*** Opening Supplied data ***

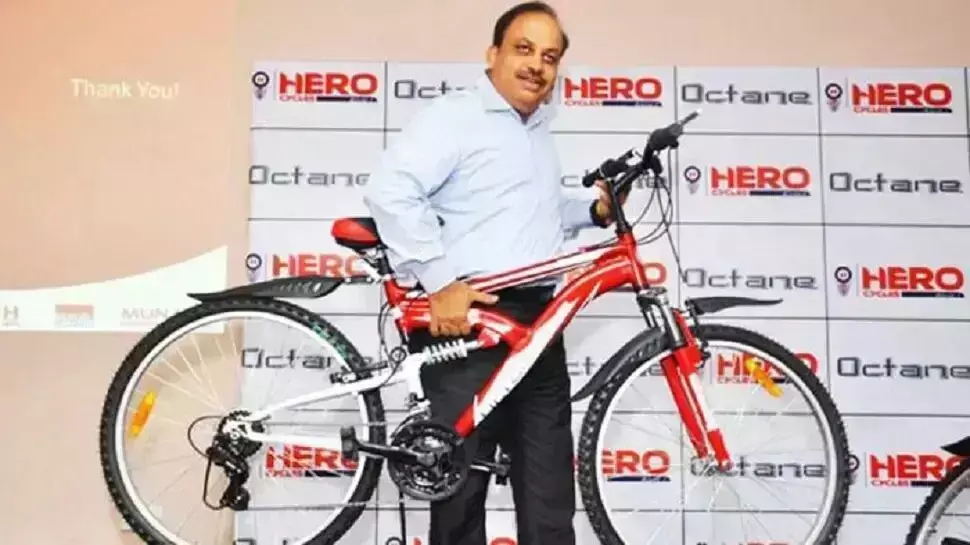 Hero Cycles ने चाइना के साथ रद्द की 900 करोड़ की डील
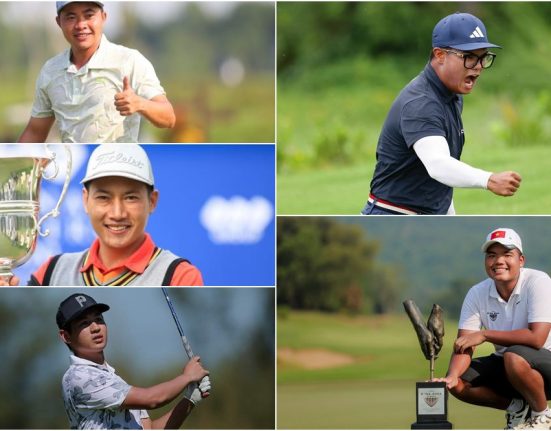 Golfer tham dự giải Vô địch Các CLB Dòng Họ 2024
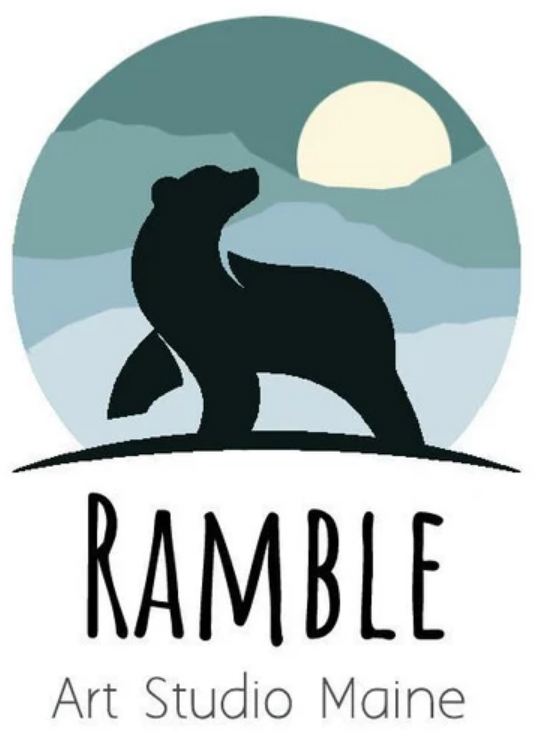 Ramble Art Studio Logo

*** Closing Supplied data ***

▶ [Task prompt]: A faithful copy of all the lines above is needed, with the pictures omitted.

▶ [Solution for this exercise]:
 Hero Cycles ने चाइना के साथ रद्द की 900 करोड़ की डील
 Golfer tham dự giải Vô địch Các CLB Dòng Họ 2024
 Ramble Art Studio Logo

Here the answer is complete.